About a year ago, while listening in on a massive conference call held by the USDA/APHIS (that’s the US Dept. of Agriculture, and its division the Animal and Plant Health Inspection Service), I discovered that the preservation of bloodlines is what I do.
Trust the US government to suck the life out of twenty years of love, passion and committed stewardship and turn it into dust thicker and drier than that on specimen skeletons in the basement of the Museum of Natural History.
That call also marks the first time I truly discovered a group of people who hate who and what I am as passionately as I love the hounds who share my life. Because I identified myself while asking a question, my email was flooded for days with threats and accusations. The question I asked had to do with maintaining my exemption from being called a “commercial breeder” while still giving my time and assistance to rescue. The new ruling would prevent me from ever fostering another rescue dog, and I needed clarification.
I have no more caused the death of an unknown dog in an animal shelter than you have killed a child in Africa by choosing to have biological children of your own. Luckily for you, there are no social workers throwing rocks at you when you take your child to a baseball game. I, on the other hand, get strangers screaming in my face in New York City when I dare take my candidate for the Westminster Dog Show for a walk in Central Park.

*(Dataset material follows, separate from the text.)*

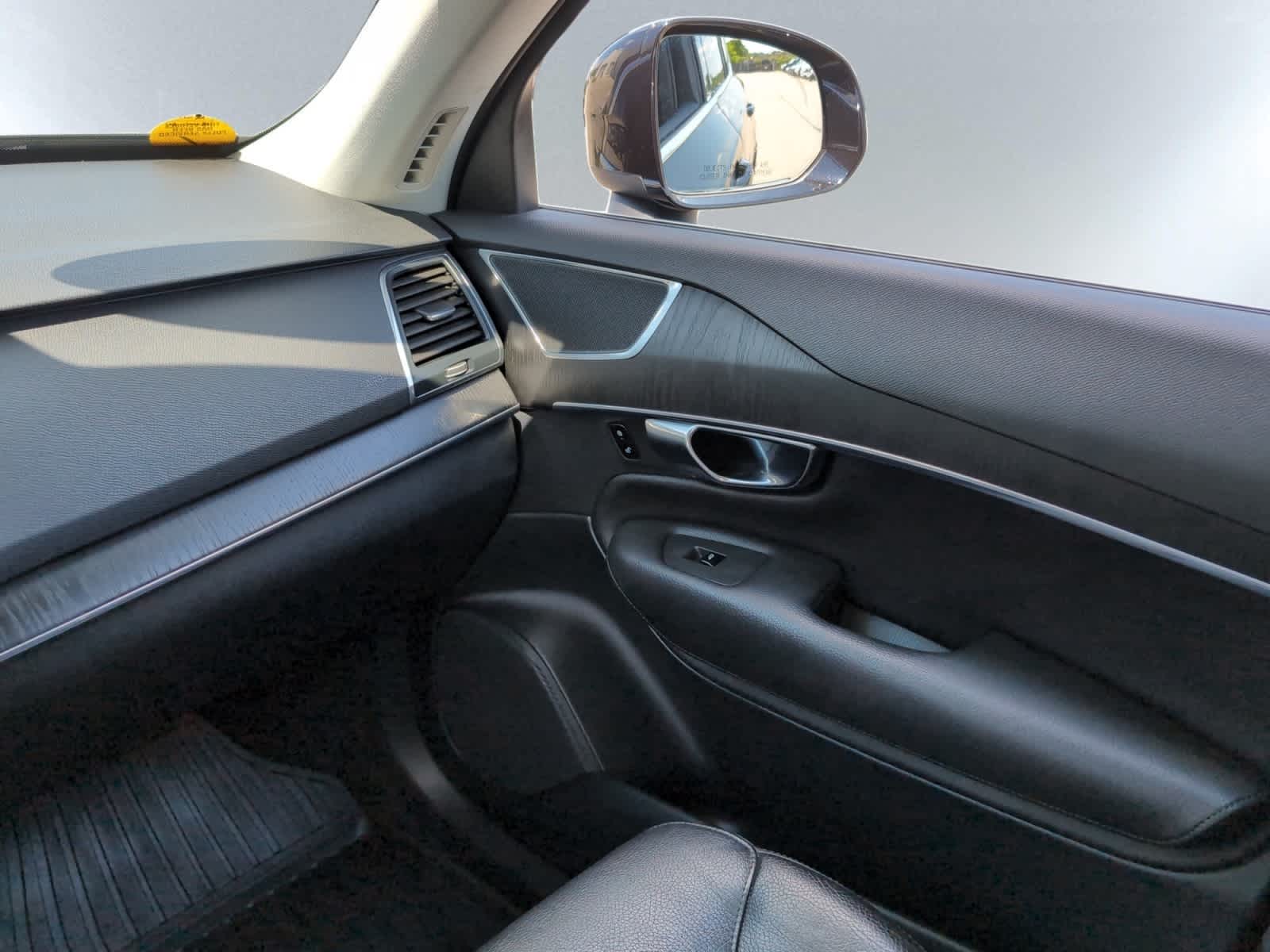 used 2020 Volvo XC90 car, priced at $24,998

I love these hounds as I love my life, and I am fiercely and passionately dedicated to keeping a creature this beautiful alive on our planet for the remainder of my days, and those beyond. My body and soul sing to see them leap and play, to watch the joy on their youthful faces as they discover their amazing athletic potential, and the perfect peace in their eyes as they age into stately dukes and duchesses not seen in human form for a hundred years.
These hounds are living art. Created by man to form a partnership centuries ago in man’s hour of need, they have never needed us to survive. That these perfect creatures still choose to be with us and share our lives must surely be an indication that human beings still possess qualities of value– for these hounds are every bit as self-sufficient now as they were in antiquity.

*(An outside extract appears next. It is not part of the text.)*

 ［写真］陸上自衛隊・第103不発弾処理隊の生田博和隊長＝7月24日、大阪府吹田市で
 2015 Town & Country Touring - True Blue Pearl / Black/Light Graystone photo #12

As a breeder, I can’t improve on this kind of perfection. Instead, my duty is to preserve their incredible athleticism and impossible beauty, and their tremendous fortitude and bottomless empathy. I will try to hold and steward these qualities for as long as it is my honor to do so.
These awe-inspiring animals bring us back to an era when we needed this partnership for our very survival. By choosing to preserve and curate their perfection, they serve to remind us of the best qualities in our human race. We need no help to remember the worst.
I strongly believe that when we lose the ability to wonder at their magnificence and no longer strive to preserve this beautiful partnership, we also lose a vital part of what it is to be human.
Preservation of bloodlines, indeed. They preserve me.